Page:Revue philosophique de la France et de l’étranger, tome XXV, 1888.djvu/78

La bibliothèque libre.
Le texte de cette page a été corrigé et est conforme au fac-similé.
68
revue philosophique

Ainsi, même lorsque Descartes parle en savant, il reste métaphysicien, et ses théories se mêlent aux faits positifs et à leurs causes, au moment même où il semble le mieux les apercevoir. Voilà peut-être pourquoi, entre l’autorité de Descartes et celle de Torricelli, en faveur de la même opinion, Pascal n’hésitait pas : il préférait celle de Torricelli. L’opinion de celui-ci sur la cause du phénomène se présentait seule, en toute simplicité et naïveté ; mais celle de Descartes se confondait avec une hypothèse dont il la faisait dépendre, et qui ne pouvait que la compromettre aux yeux d’un savant véritable. Ainsi s’expliquent les paroles de Jacqueline, dictées sans doute par Pascal lui-même : « M. Descartes croit fort à la colonne d’air, mais par une raison que mon frère n’approuve pas. »

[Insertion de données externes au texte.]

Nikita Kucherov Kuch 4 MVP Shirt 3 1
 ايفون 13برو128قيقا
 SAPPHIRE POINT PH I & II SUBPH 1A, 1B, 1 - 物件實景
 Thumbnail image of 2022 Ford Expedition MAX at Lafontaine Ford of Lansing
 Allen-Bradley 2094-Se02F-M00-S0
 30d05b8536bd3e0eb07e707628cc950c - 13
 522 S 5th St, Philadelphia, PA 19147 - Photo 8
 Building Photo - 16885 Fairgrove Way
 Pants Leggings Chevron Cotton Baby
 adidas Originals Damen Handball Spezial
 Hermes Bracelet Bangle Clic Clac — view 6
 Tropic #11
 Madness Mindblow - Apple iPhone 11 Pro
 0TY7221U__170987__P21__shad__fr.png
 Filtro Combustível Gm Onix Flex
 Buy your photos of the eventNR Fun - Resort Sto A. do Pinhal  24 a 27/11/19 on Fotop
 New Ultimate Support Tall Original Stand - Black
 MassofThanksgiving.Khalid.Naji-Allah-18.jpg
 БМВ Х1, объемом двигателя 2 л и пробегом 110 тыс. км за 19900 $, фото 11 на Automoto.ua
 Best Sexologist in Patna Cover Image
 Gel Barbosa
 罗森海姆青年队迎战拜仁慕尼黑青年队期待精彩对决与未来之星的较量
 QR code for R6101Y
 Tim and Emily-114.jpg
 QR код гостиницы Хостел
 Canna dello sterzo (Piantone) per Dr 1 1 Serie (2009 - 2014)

VI. Vérification de cette cause.

On va voir encore mieux maintenant l’excellence de la méthode à laquelle Pascal avait été habitué dès l’enfance par son père. Il connaissait déjà l’opinion de Torricelli, mais n’osa pas, faute d’expériences convaincantes, la proposer dans son abrégé d’octobre 1647. Comme il écrivait un peu après au P. Noël, tant qu’une chose n’est pas prouvée, « nous ne l’appelons que vision, caprice, fantaisie, quelquefois idée, et tout au plus belle pensée. Et parce que nous ne pouvons l’affirmer sans témérité, nous penchons plutôt vers la négative[1] ». Qu’arrive-t-il, en effet, si on l’affirme précipitamment ? On n’est pas sûr de soi, on ne s’y tient pas ferme comme à une vérité bien établie, et quelquefois pressé par un adversaire, on lâche prise, sauf à la reprendre ensuite, mais sans plus de raison qu’on n’en avait d’abord.

Descartes n’a pas échappé à ce danger. Lui que nous avons vu tout à l’heure si affirmatif et si explicite dans sa lettre du 2 juin 1631, nous le retrouvons plus tard indécis et peu net. Le 8 octobre 1638, après avoir parcouru les dialogues de Galilée, il écrivit au P. Mersenne que « cette observation que les pompes ne tirent point l’eau à plus de dix-huit brasses de hauteur, ne se doit point rapporter au vide ; mais, dit-il, ou à la matière des pompes ou à celle de l’eau même qui s’écoule entre le piston et le tuyau, plutôt que de s’élever plus haut, ou même à la pesanteur de l’eau qui contrebalance celle de l’air » [2]. La véritable explication n’est indiquée qu’après deux autres,

  1. Œuvres complètes de Pascal, petite édit. in-18, Hachette, t.  III, p. 13.
  2. Œuvres de Descartes, édit. Cousin, t.  VII, p. 436-437.